His competitive vein must run deeper than one would guess from his easygoing charm, but it kicked in at Albany Law School, where he graduated top of his class and was No. 1 among the 4,000 potential lawyers who sat for the New York State Bar — which surprised even him. "We didn't have any lawyers in our neighborhood," he says. "When you grew up in the '50s and '60s and you were black and had talent, you were supposed to be a doctor or a minister."

In law school, he met then-New York Gov. Nelson Rockefeller, and when Rockefeller became vice president in 1974, "He asked me to come to Washington as one of his lawyers, so I went to work [in the White House] as general counsel and associate director of what was then the Domestic Counsel." He remained three years, more than enough for a young man who already had a wife and three kids. (He and Laura have a boy and two girls, one transgender.) "It was the experience of a lifetime," he recalls, but "I was ready to go. It's a 24/7 kind of job."

The rising political star left to join the law firm of Patterson Belknap Webb & Tyler, where he stayed until he was hired to run the troubled Dime Savings Bank, which he turned around so successfully that he was recruited by Time Warner, where he became president in 1991.

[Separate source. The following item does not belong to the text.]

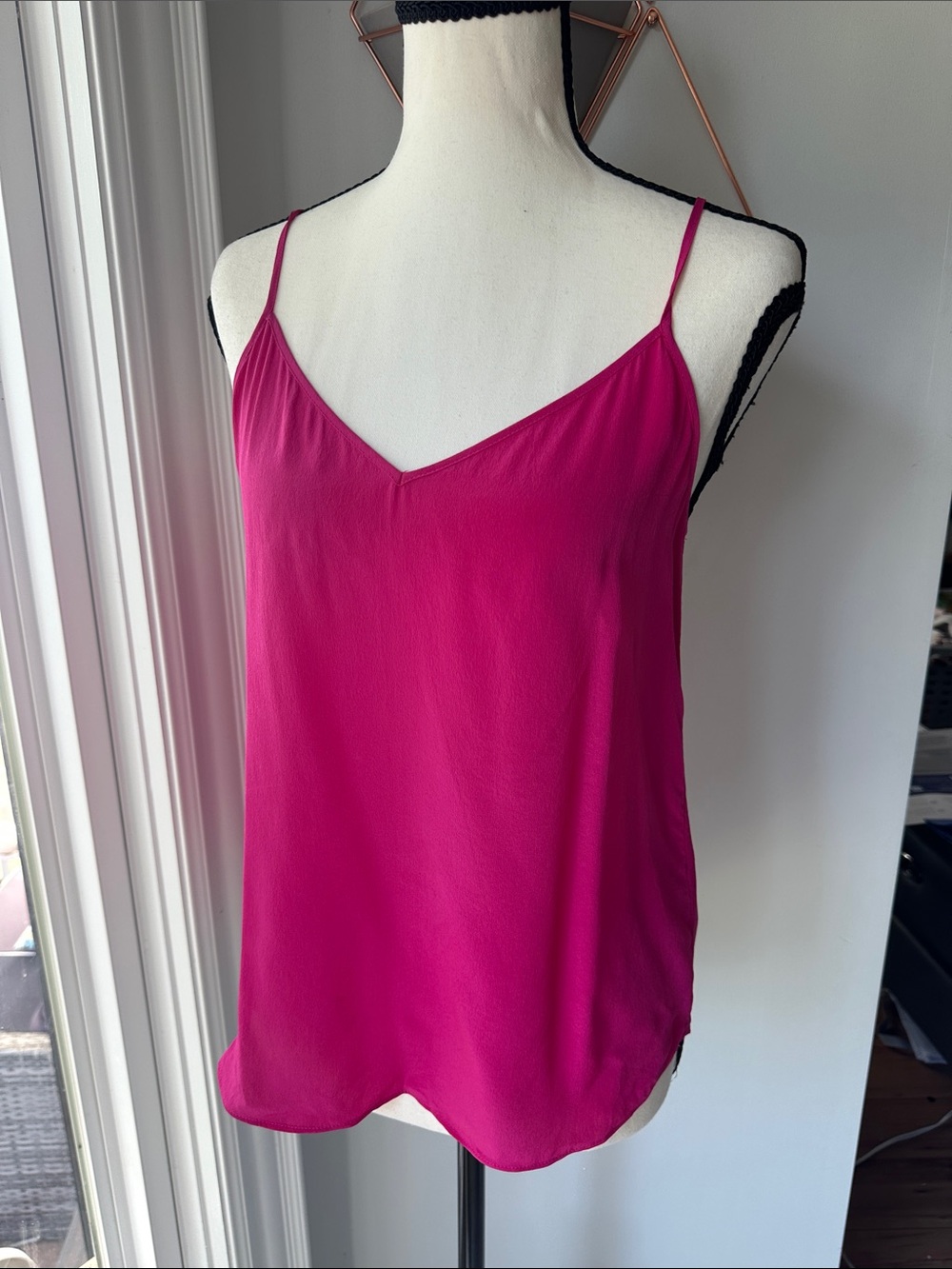 BABATON ARITZIA 100% SILK Fuchsia Hot Pink V-Neck Tank Top Cami Camisole Size XS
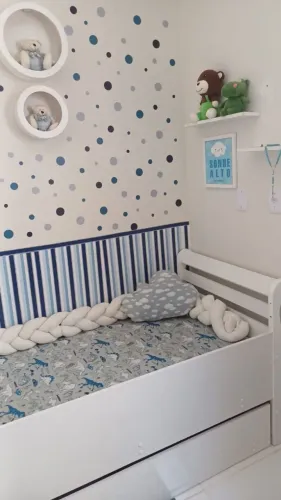 Cama de criança com boas condições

It was his connection to the Rockefellers, whose foundation he now chairs, that initiated a long association with the Republican Party, which may be coming to an end. He's the kind of moderate conservative who readily acknowledges that the politician who's most impressed him is a Democrat, Bill Clinton. "He was the brightest fellow ever to hold the office," says Parsons. "You almost can't measure Clinton's intelligence." Parsons voted for Hillary Clinton in the last election.

At one point, there was some discussion of Parsons joining President Barack Obama's cabinet as secretary of commerce, but that was nipped in the bud when he was diagnosed with multiple myeloma; he is now in remission, following a stem cell transplant.

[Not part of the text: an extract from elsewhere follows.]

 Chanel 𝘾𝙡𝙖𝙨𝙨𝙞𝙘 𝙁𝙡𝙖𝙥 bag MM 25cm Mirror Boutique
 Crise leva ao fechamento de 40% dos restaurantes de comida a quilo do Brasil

He admits of President Donald Trump, whom he knows well, "I'm not a huge fan. He is, by almost any measure that you want to identify, ill-equipped to be the president of the United States. He doesn't know what he doesn't know. He's clueless in terms of things he is ignorant about and thinks he knows things he doesn't." But is he good for corporate America? Parsons comes as close as he ever will to throwing up his hands in exasperation. "He's not good for any America."

If the executive had been younger, perhaps he too would have run for office; if not for the myeloma, there was speculation he might become mayor of New York. Instead, 10 years after he left Time Warner with a view to retire — after getting sucked into stints at Citigroup and the L.A. Clippers, both of which he brought back from the brink — he's at last easing into a semi-retirement, even if it involves a host of commitments, from the Rockefeller Foundation to the Apollo Theater in Harlem to various educational charities and investment endeavors.

Only now, about to turn 70, with no compelling calls of duty, is he truly free to do what he wants, if he can ever make up his mind. "So far," he says, his eyes twinkling, "I haven't figured what that is."